SUPPLIED DATA Block Start

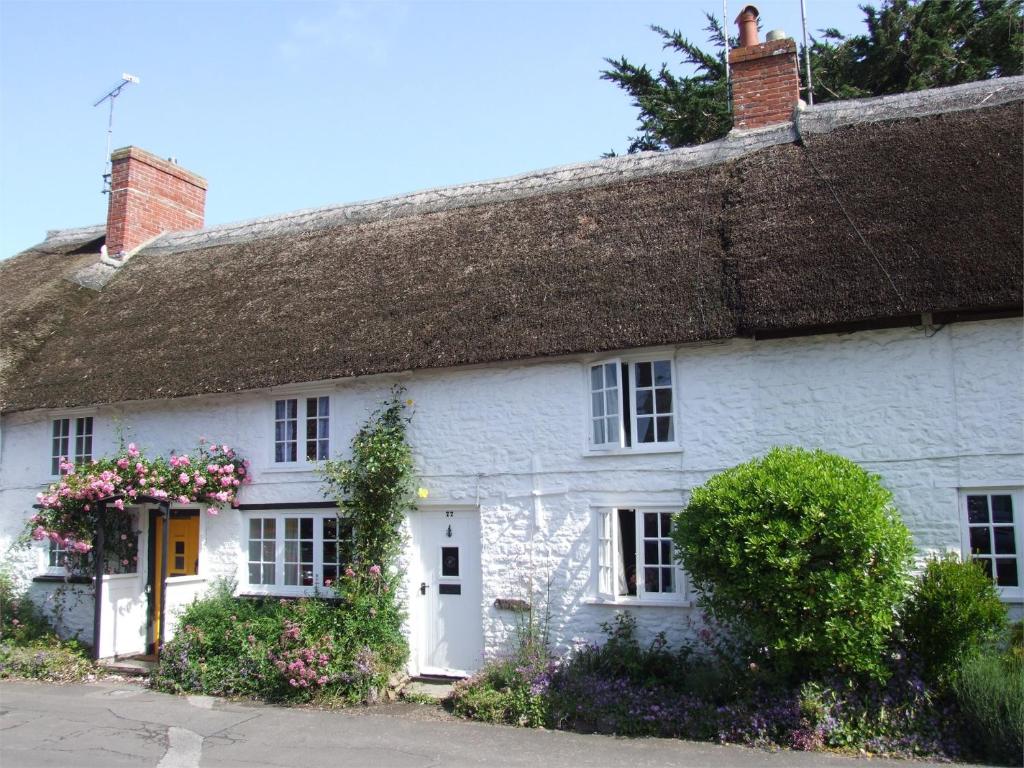a white cottage with a thatched roof at 1 Bed in Burton Bradstock DC016 in Burton Bradstock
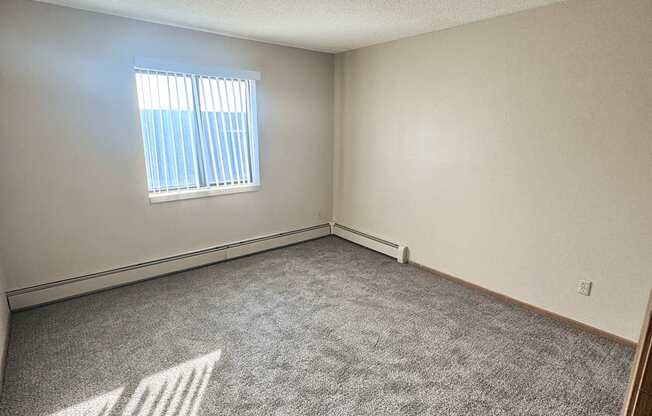 A room with a carpeted floor and a window with blinds.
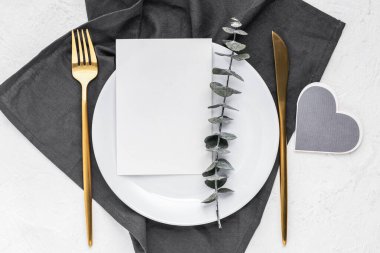 Üzerinde okaliptüs filizi olan gri bir peçeteye beyaz tabak. Tebrik kartı, davetiye, düğün kağıdı boş menü kartı maketi 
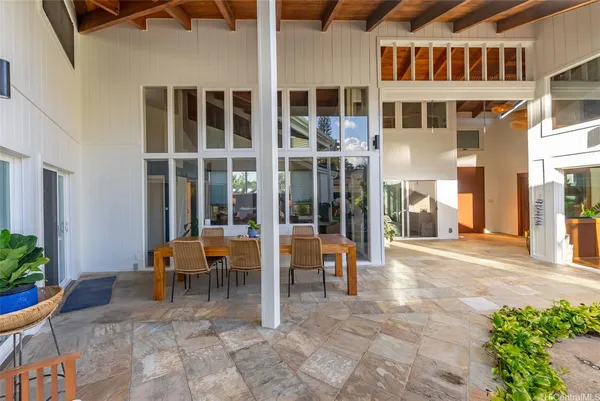 a view of a building with sitting area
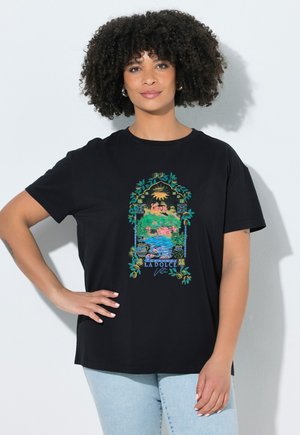 Kvinde med krøllet hår bærer sort T-shirt med farverig have- og vandscene indrammet af grønne vinranker, tekst "La Dolce Vita."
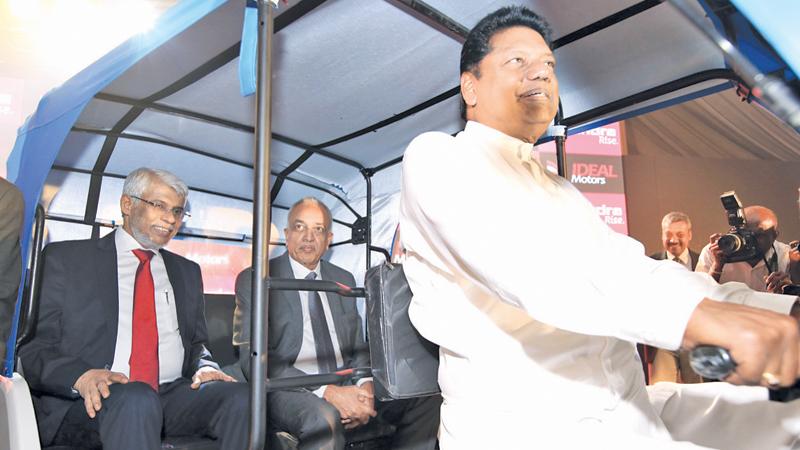 MP Kumara Welgama at the wheel while Development Strategies and International Trade Minister Malik Samarawickrema and former Chief Minister of the Eastern Province, Nazir Ahamed in the back seat of the Treo at the launch. Pic Vipula Amerasinghe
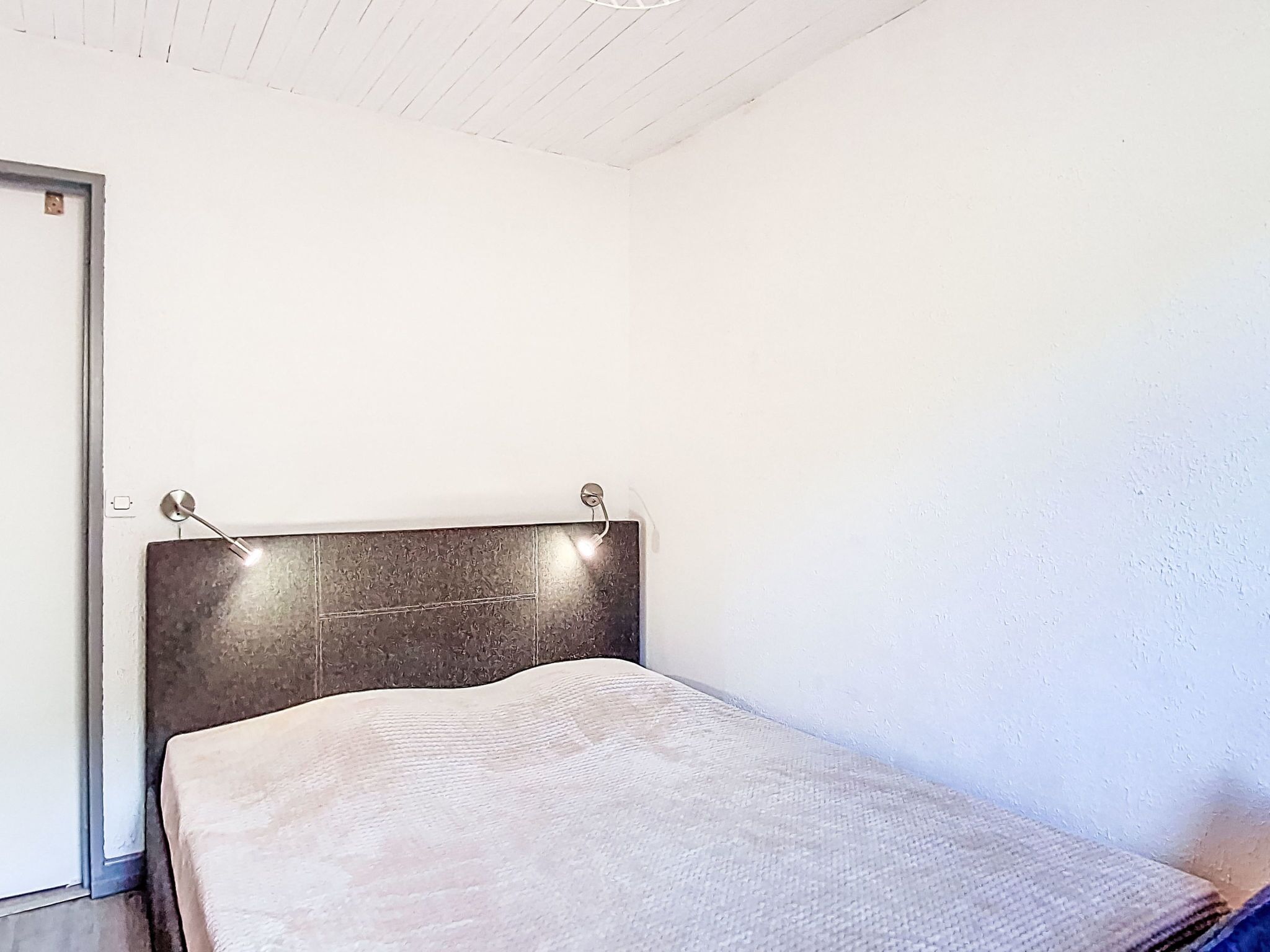 A single bed with a dark headboard and a light-colored mattress in a room with white walls and a wooden ceiling.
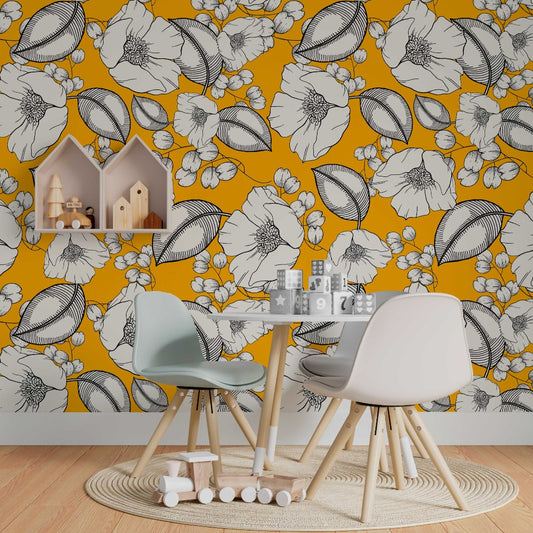 A vibrant children's play area with a Decor2Go Wallpaper Mural adorned with large white floral patterns, two modern chairs, a wooden table with toys, and house-shaped shelves are present.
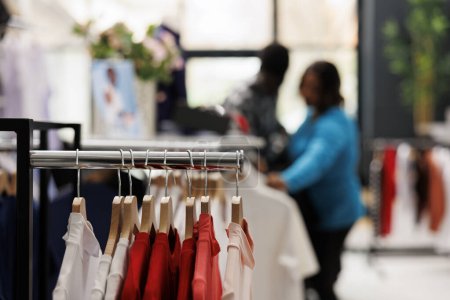 Foto de Enfoque selectivo de perchas llenas de ropa de moda en la boutique moderna, en segundo plano pareja afroamericana de compras para la camisa de moda, la comprobación de los artículos de tela. Concepto de moda - Imagen libre de derechos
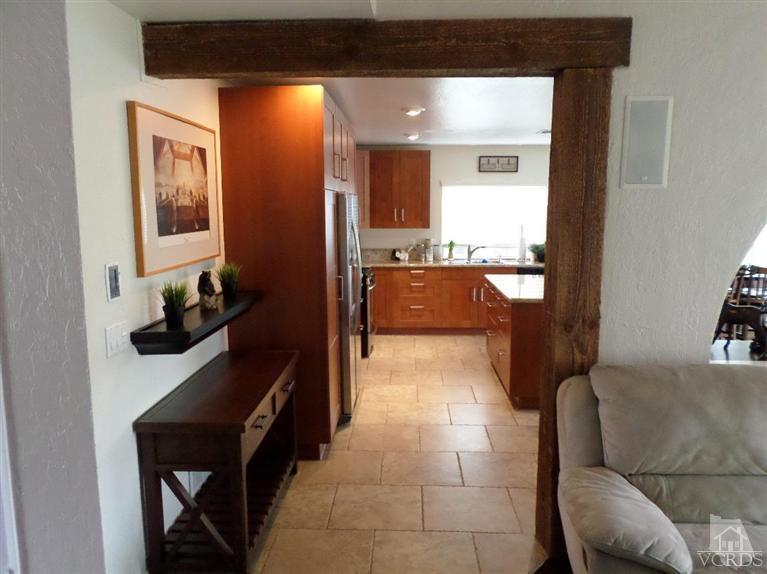 6360 Keystone Street Simi Valley, CA 93063 - Photo 7 of 17 a kitchen with a table and chairs in it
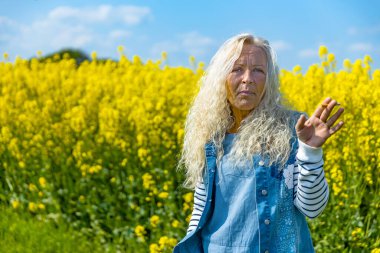 Elderly Woman smoke a cigarette in rape field with yellow blossums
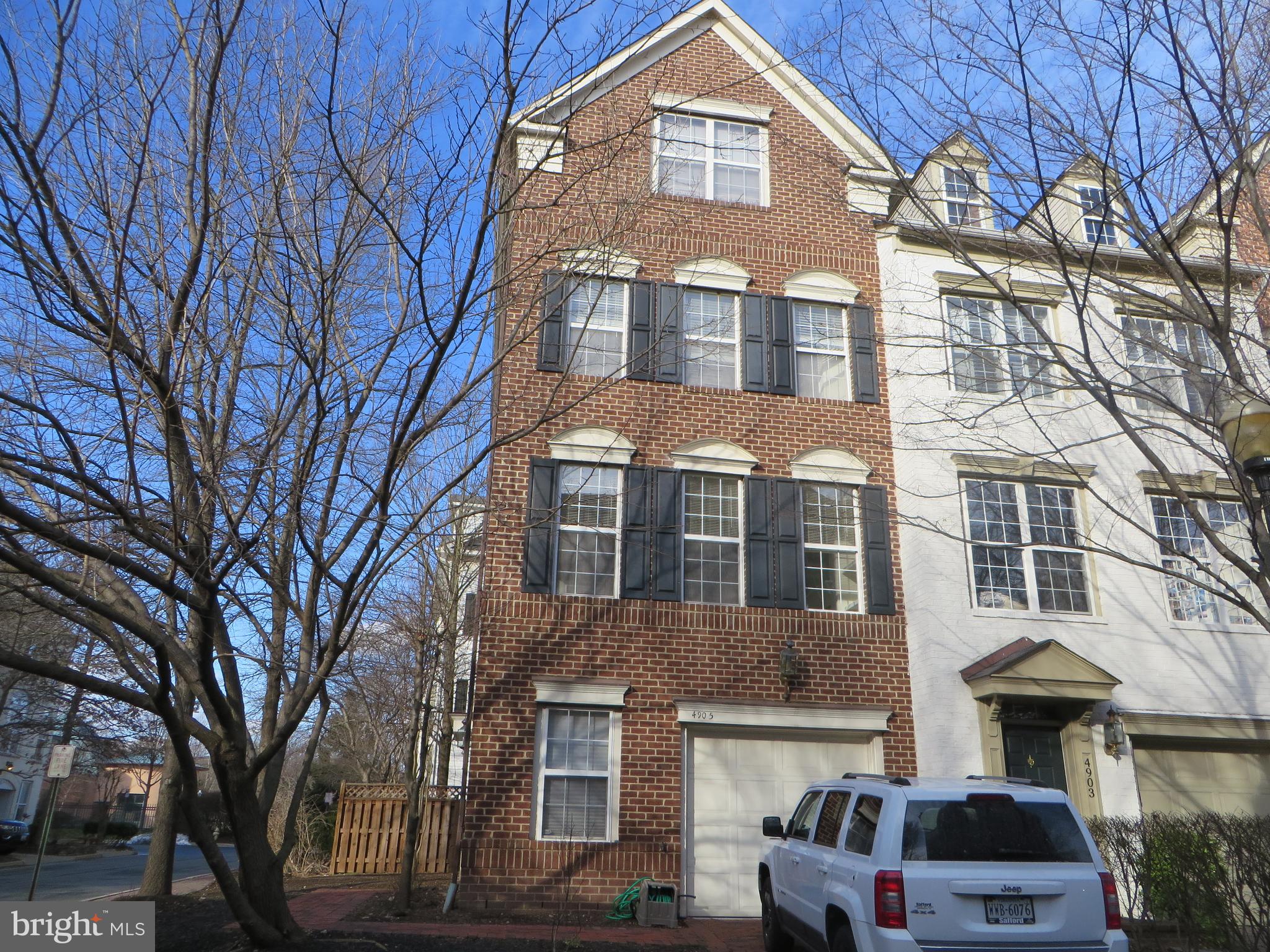 a front view of a building with lot of cars and trees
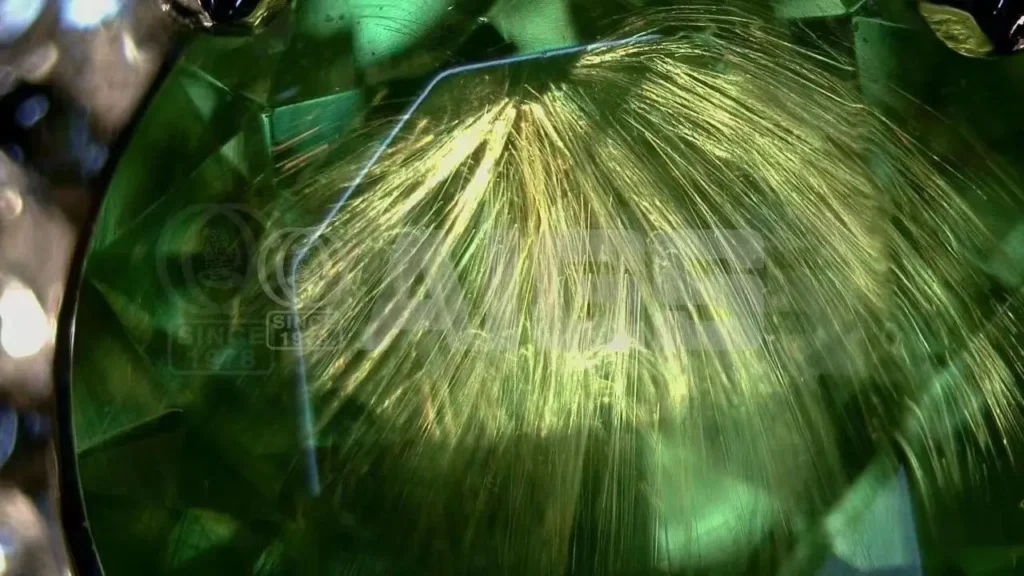 Russian Tsavorite garnet from the Ural Mountains showing tail-like inclusions radiating from the gem’s center.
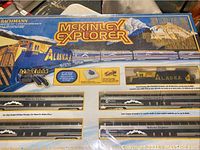 Bachmann McKinley Explorer HO scale train set in original box, featuring locomotive and passenger cars with Alaska mountain graphics.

SUPPLIED DATA Block End

> [TASK REQUIREMENTS]:
Repeat word for word the lines above, from the first entry through the line containing "A single bed", with both ends kept and the pictures dropped.

> [RESPONSE TO THIS TASK]:
a white cottage with a thatched roof at 1 Bed in Burton Bradstock DC016 in Burton Bradstock
 A room with a carpeted floor and a window with blinds.
 Üzerinde okaliptüs filizi olan gri bir peçeteye beyaz tabak. Tebrik kartı, davetiye, düğün kağıdı boş menü kartı maketi 
 a view of a building with sitting area
 Kvinde med krøllet hår bærer sort T-shirt med farverig have- og vandscene indrammet af grønne vinranker, tekst "La Dolce Vita."
 MP Kumara Welgama at the wheel while Development Strategies and International Trade Minister Malik Samarawickrema and former Chief Minister of the Eastern Province, Nazir Ahamed in the back seat of the Treo at the launch. Pic Vipula Amerasinghe
 A single bed with a dark headboard and a light-colored mattress in a room with white walls and a wooden ceiling.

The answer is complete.